Sure glad that young Jane made it to be the Jane of today. Great memory.

Anonymous said...

There us no need to feel ashamed or embarrassed about 8-year-old Jane's poem. Many children have to experience and cope with difficult grown up situations everyday. Little Janey made something beautiful out if it, a memory and a song.

alienbody said...

I grew up in Southern California, the weather was mostly un-weatherish, as in...always kind of dry and warmish and boring. I could skate almost year round. A few years later my momentos were tossed around and destroyed in a police raid of my parents house. Long story...we should chat sometime. But, Xanadu? Yup, I fully remember Olivia in that movie. And since it came out in 1980, that made me 11/12...ack.

Julie DeMille said...

My sisters and I lived on our roller skates. There was a business park near our house with tons of smooth sidewalks. (I wish we'd had a basement, that would've been awesome!) I didn't see Xanadu till much later (on VHS) but I would've loved it as a kid!
I think it's great that you have the poem. It's fascinating to see what we thought/felt as a child.

Bon said...

I used to love to roller-skate. Unfortunately, I was a somewhat clumsy kid...
Ok, I MIGHT still be somewhat clumsy!

Heh. At any rate, this was a beautiful story. I am a so very glad that you aren't suicidal. The world would miss you.

Eeeee! Xanadu!
*shifty eyes*
We'll just pretend that I didn't squee like a schoolgirl over that. Because I would totally lose Goth cred if someone saw that. ;D

Peaceful Warrior said...

Hi Jane, I loved the story. It is great for us all to remember old memories now and again.
As I'm a new follower can I ask. Did you post the poem somewhere or am I being dumb?
I would love to add the poem to my guest poem blog if you have it. Such deep things should be shared I guess..

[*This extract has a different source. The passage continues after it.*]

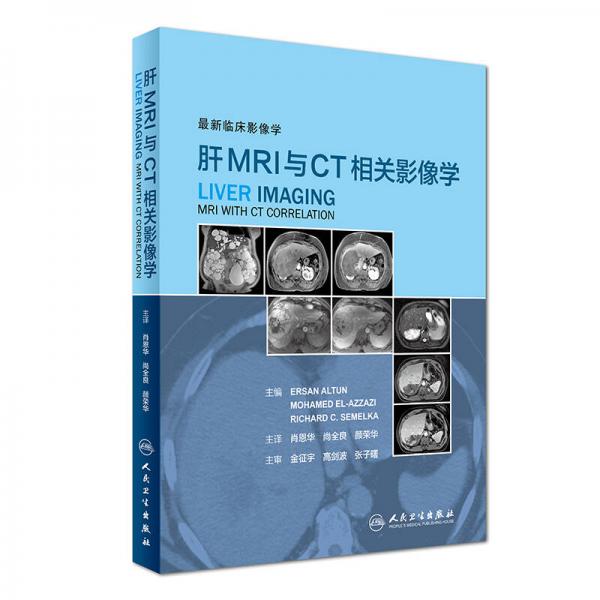 最新臨床影像學(xué)：肝MRI與CT相關(guān)影像學(xué)（翻譯版）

Keep on with your great stories and tales of life.

Also glad that you had enough love to get yourself through the sad times and still be here gracing our world.

Big hugs and loads of love.
P.W

Frances D said...

YOu have reminded me that I need to blog about my one and only skating experience. Mine was not a Xanadu fanstasy - lol - it included among other horrors being run down by a group of 5-7 year old girls celebrating a birthday.
Waving at you from New York

Masked Mom said...

Though I no longer have much of anything that I wrote before I was 15, I can definitely identify with that squirmy embarrassed feeling of discovering former aspects of myself in writing somewhere. I think I've gotten a lot better at mustering compassion for the person I used to be, but it's still definitely a work in progress.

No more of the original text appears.